Knowing What Resonates

Although I have always been an enthusiastic reader, the variety, pace and range of reading that I do now astounds me. After one year of full intellectual contact with online media, I see distinct patterns emerging that determine which content will likely earn a favorite star or be retweeted to my co-learners/explorers.  Five distinct characteristics stand out:

1. I value authors who show their humanity in a palatable and potentially endearing way. No strip tease or outrageous confessions, just individuals who can describe their struggles and victories with a degree of humility, grace and often humor. Pernille Ripp does this extremely well whether she’s writing about her classroom or her living room, it’s all very real and reflective without being creepy. John Spencer (@edrethink) also has knack for thoughtful sharing that is personal and often professionally relevant.

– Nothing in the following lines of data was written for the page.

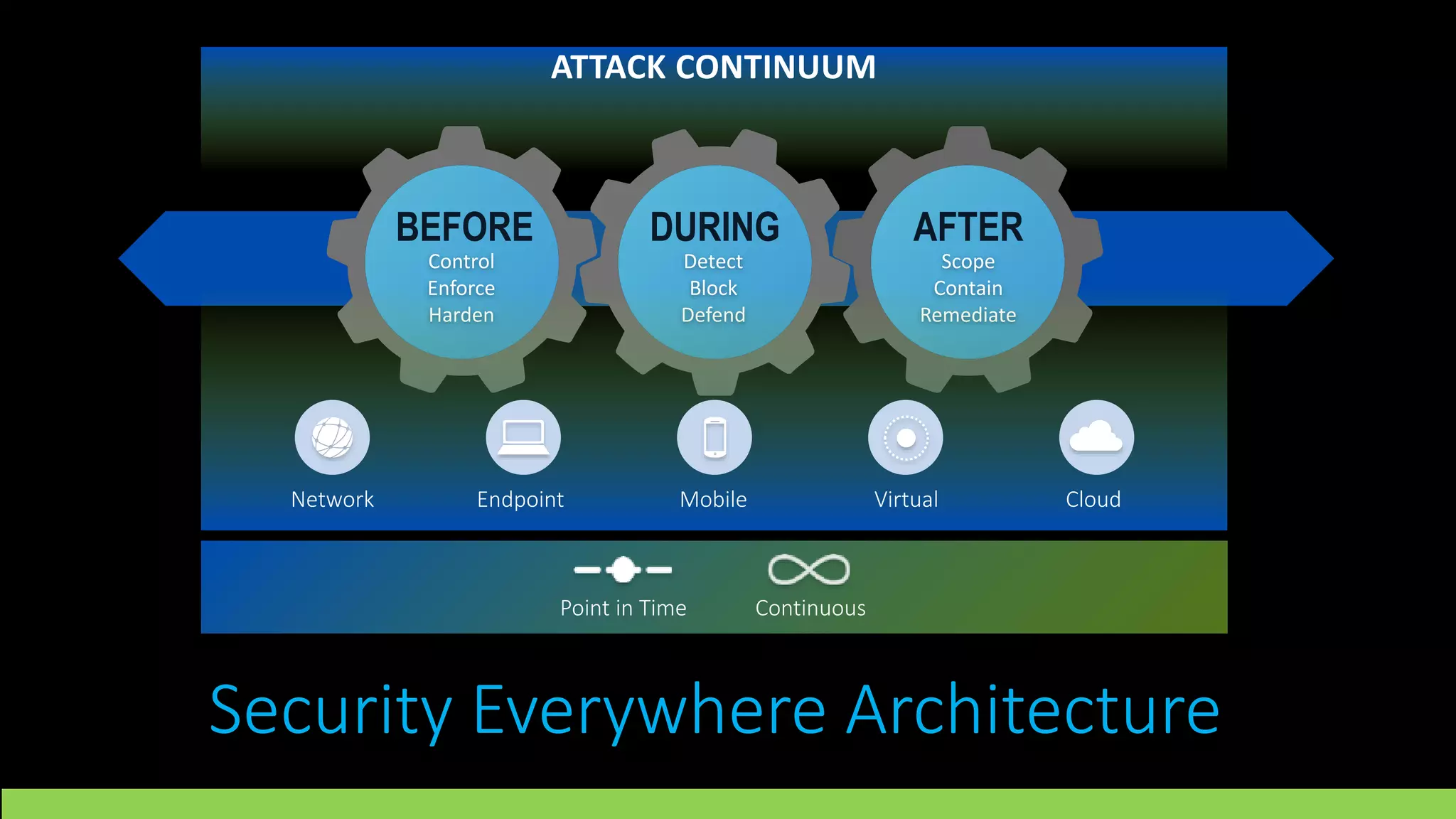 Security Everywhere Architecture
BEFORE
Detect
Block
Defend
DURING AFTER
Control
Enforce
Harden
Scope
Contain
Remediate
ATTACK CONTINUUM
Network Endpoint Mobile Virtual Cloud
Point in Time Continuous
 
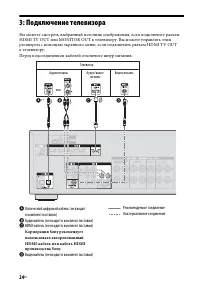 Страница 24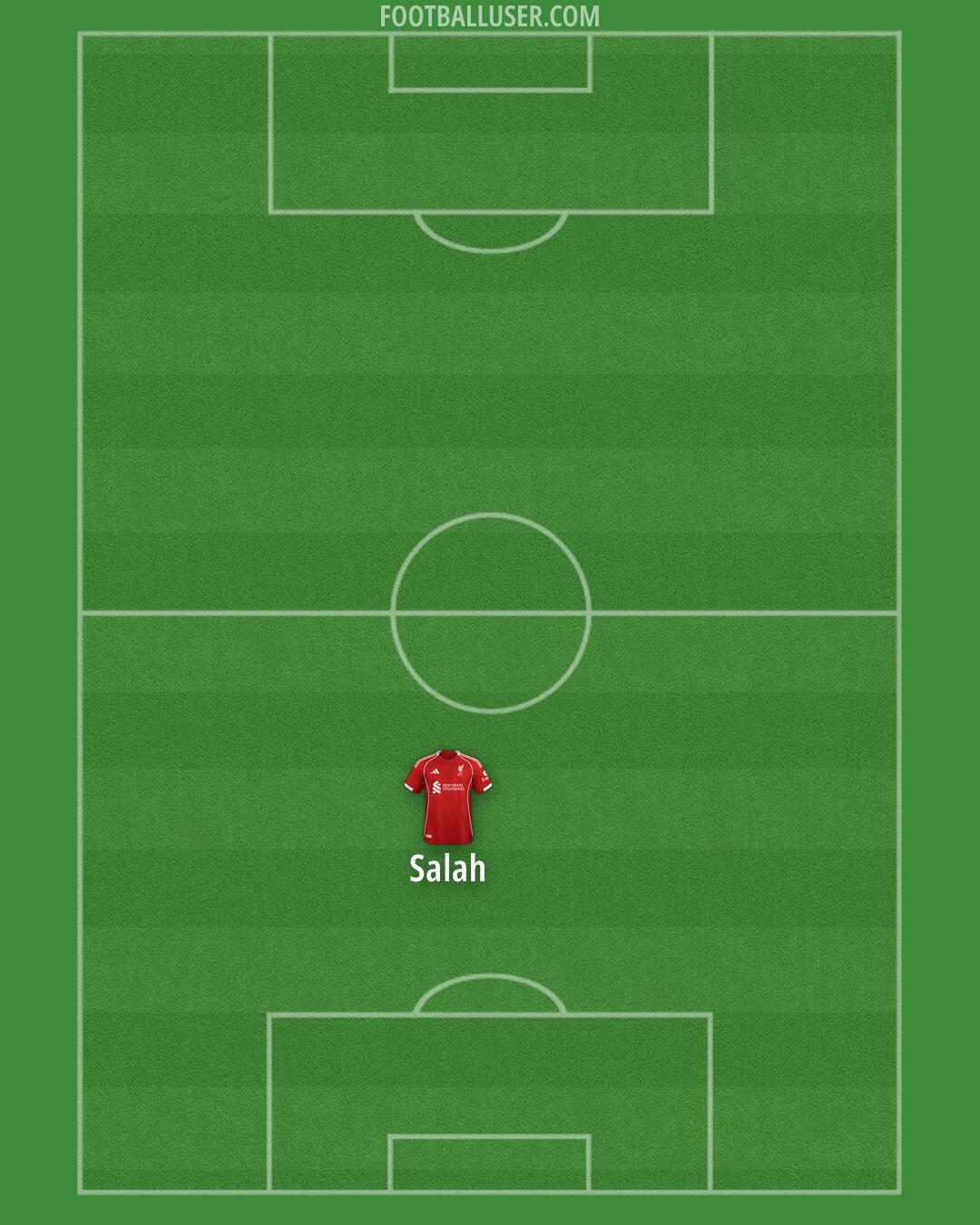 Liverpool Formation 2025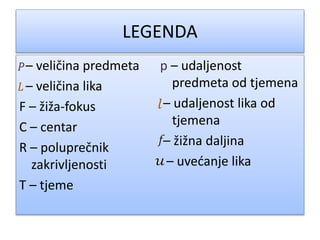 LEGENDA
– veličina predmeta
– veličina lika
F – žiža-fokus
C – centar
R – poluprečnik
zakrivljenosti
T – tjeme
p – udaljenost
predmeta od tjemena
– udaljenost lika od
tjemena
– žižna daljina
– uvećanje lika
 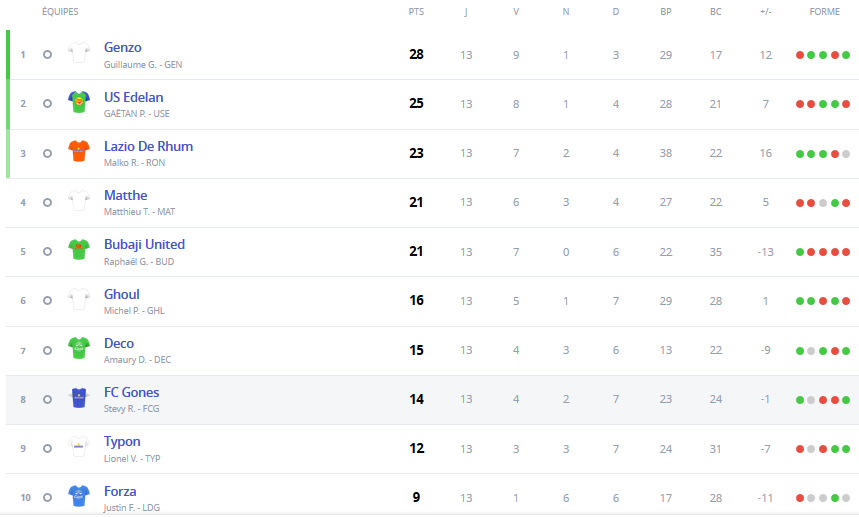 classement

2. System skeptics will inherit the earth even though it’s not really what they wanted in the first place. My heart beats for these perpetual disrupters; the folks who shake their heads, fists or both at the prevailing order and write, write, write, making others uncomfortable with their unforgiving questioning.  Divergent thinking, floating alternatives, and leaving nothing sacred are the hallmarks of this unquiet riot. One of my favorite education system skeptics is Terry Heick. His posts at TeachThought often require 2 or 3 read-throughs in order for me to take in the full depth of his arguments. Raising questions like “What is quality?” or “What’s Best for Kids?” demands a capacity for big picture thinking coupled with an appreciation for the supporting details that make it all go. Grant Lichtman is another agitator for change who has mapped out some very real options for alternative routes in his book, EdJourney.

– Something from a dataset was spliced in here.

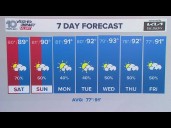 10 Weather: Friday evening forecast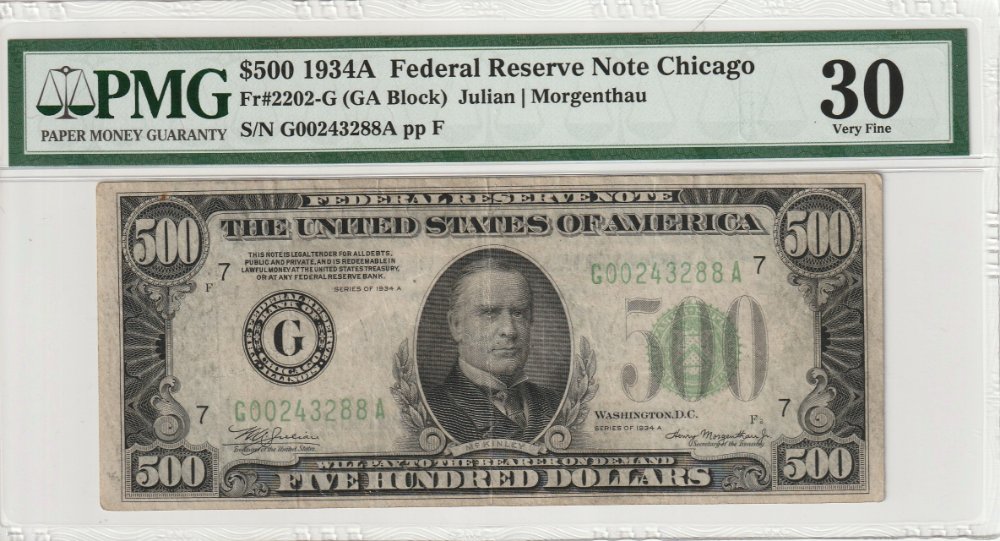 Post-Your-New-Currency-Acquisitions!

3. The polemicists.  These authors take debatable positions and in doing so invite discussion with and among readers.  Although I am not a fan of formal debate, when I read an article or blog post that touches a nerve, then I also read a number of comments to get a sense of how others have responded. This practice has truly invigorated my reading in unexpected ways. Having a window into other people’s thinking about the same text has touched off some tremendous learning on my part. And it has allowed me to discover my own comment voice. Tom Whitby of edu fame tends to take strong positions especially with regard to educators and their need to get connected in order to remain relevant.  I agree with him on many points and  I have also disagreed with an idea or two. What is new is that I now take the liberty of speaking up, either in the comment section or even in a separate blog post.  And that experience of daring to hold and also publicly share a dissenting opinion has been both liberating and empowering. Learning to disagree without becoming disagreeable has broadened and sharpened my thinking.  Also check out Jose Vilson for his powerful arguments and the way he addresses opposing views; business and art in the same post.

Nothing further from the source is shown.